Hi Kamil,

Direct database access for users is a no go. Direct queries that in anyway
manipulate the database or any state in Airfl ow (trigger dags, connections
etc) from the CLI should be prevented. Not even root should be able to do
this as root does not have any meaning over the wire to Airflow. We cannot
trust the user. Period. I agree with you that the current state of the API
is abysmal. Hence I mentioned using Flask Application Builder framework for
this which does do fine-grained permissions and simplifies what we try to
accomplish.

I fundamentally disagree with your position that remote working with
Airflow should be done through the Web UI. Unix first and foremost
interface is the cli. I can use pipes, automation with other tools etc. I
use git from the command line. I use curl from the command line. If
triggering a dag becomes impossible from the command line we loose one of
our main selling points.

On your points:

1-3: Solved by using FAB
4. You main points are solved by using FAB. On B) I don’t think it is a
good idea to have an extra layer between json_client and local_client. Both
are pretty thin wrappers around `airflow.api.common.*`.
5. Non existent ;-)
6. I do agree that there is some code duplication going on, but its
intention was there in order to have it in place until `local_client`
wasn’t required anymore and the Rest API is mature. So mature the API, get
rid of local_client.
7. Having the CLI manipulate `airflow.cfg` is fine as long as it checks if
it has the right permissions to do so, the OS will enforce that anyway.
8. They are not in the same namespace. `airflow.api.client.*` vs
`airflow.www.api`. If you mean by ‘package’ ‘Airflow’, then I suggest maybe
packaging the API/Client separately of break up the Airflow package in
“airflow-common”, “airflow-client”, “airflow-server”.
9. That’s not unexpected: the interface is documented whilst not perfectly.
The CLI *should* use the public API. As in eat you own dog food. The (json)
client api resides in its own namespace which does *not* import Airflow at
all. So interfacing clients should not use the local_client.
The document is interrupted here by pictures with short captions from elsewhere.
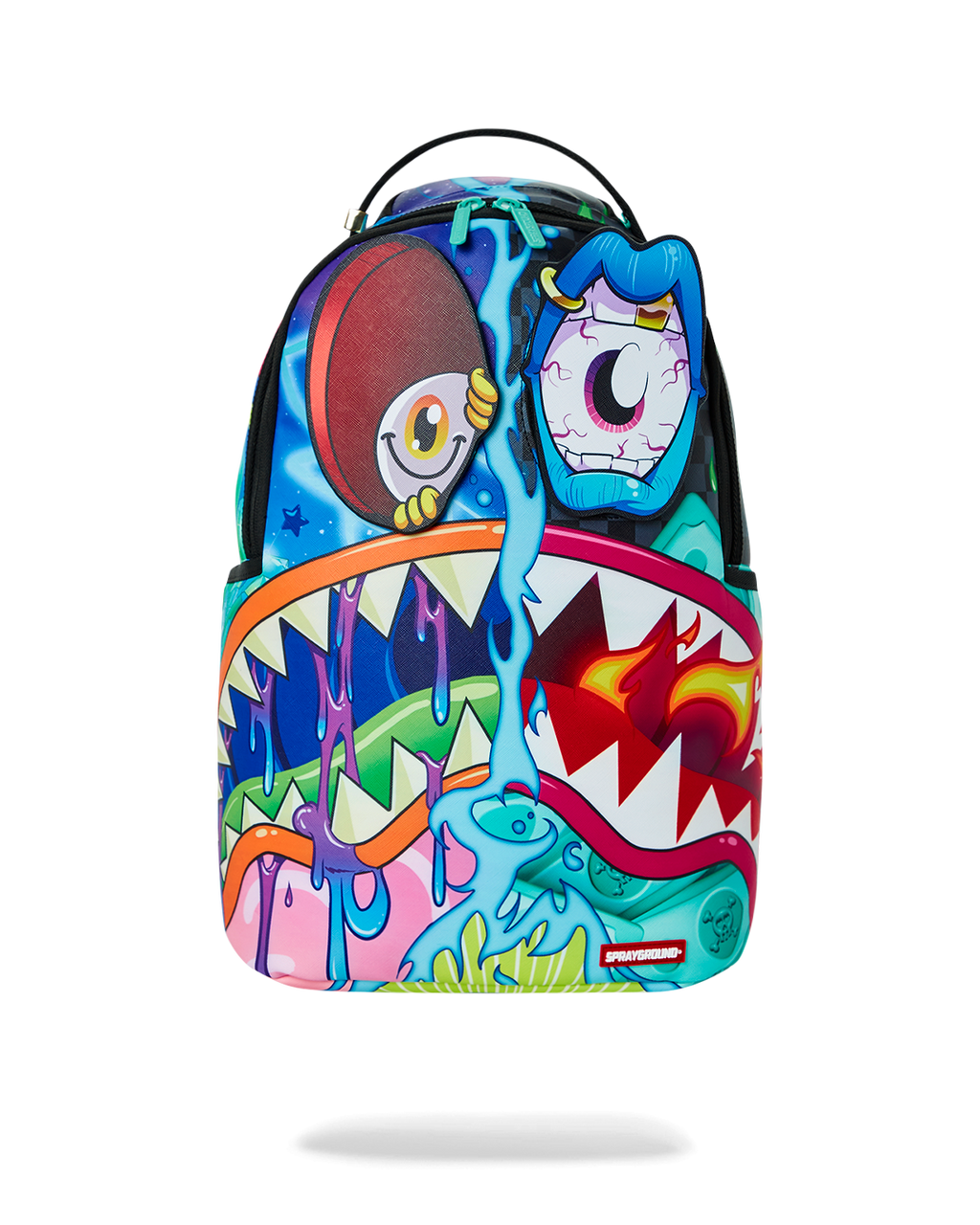 Eyez on the Prize Backpack (Removable Velcro Eyes) - Image 5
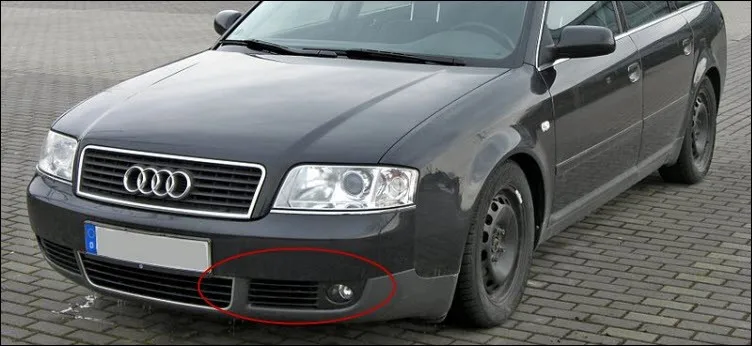 EEMRKE автомобильный Стайлинг для Audi A6 C5 2003 2004 COB ангельские глазки DRL дневные ходовые огни H11 Галогенные лампы 55 Вт противотуманный светильник налобный фонарь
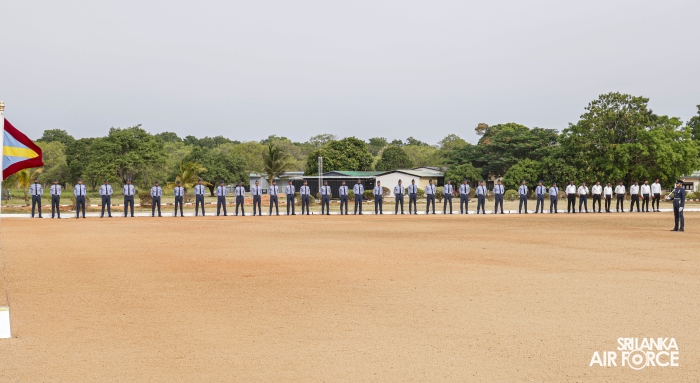 ANNUAL COMMANDER’S INSPECTION OF SLAF STATION MORAWEWA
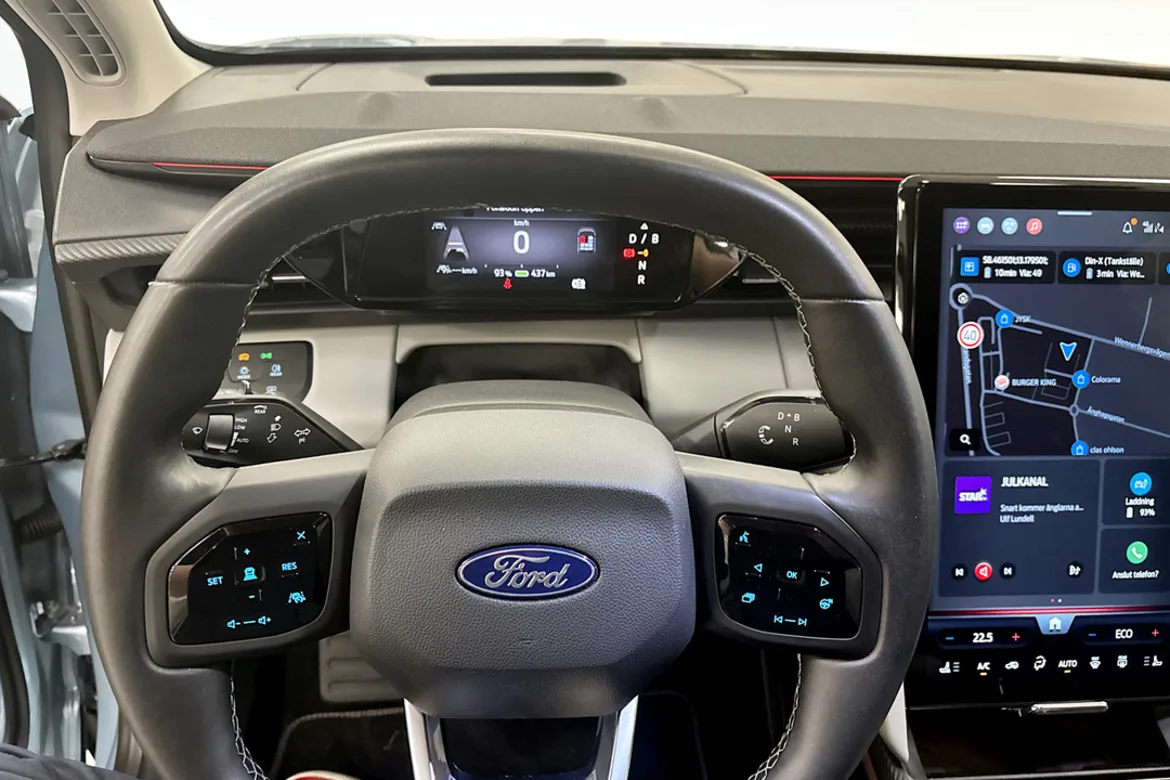 Ford Explorer EV Extended Range AWD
In my opinion you are mixing several issues. The CLI has its issues, the
API has its issues and maybe our packaging has its issues. We should
address them separately.

Cheers
Bolke


On 18 January 2020 at 16:41:21, Kamil Breguła (kamil.breg...@polidea.com)
wrote:

In my opinion, we should go completely in the opposite direction. We
should limit remote mode from the current CLI and add support only
commands that use direct queries to the database as long term
solution. If users need remote mode, we can add these options, but
this should be marked with stability and safe warnings.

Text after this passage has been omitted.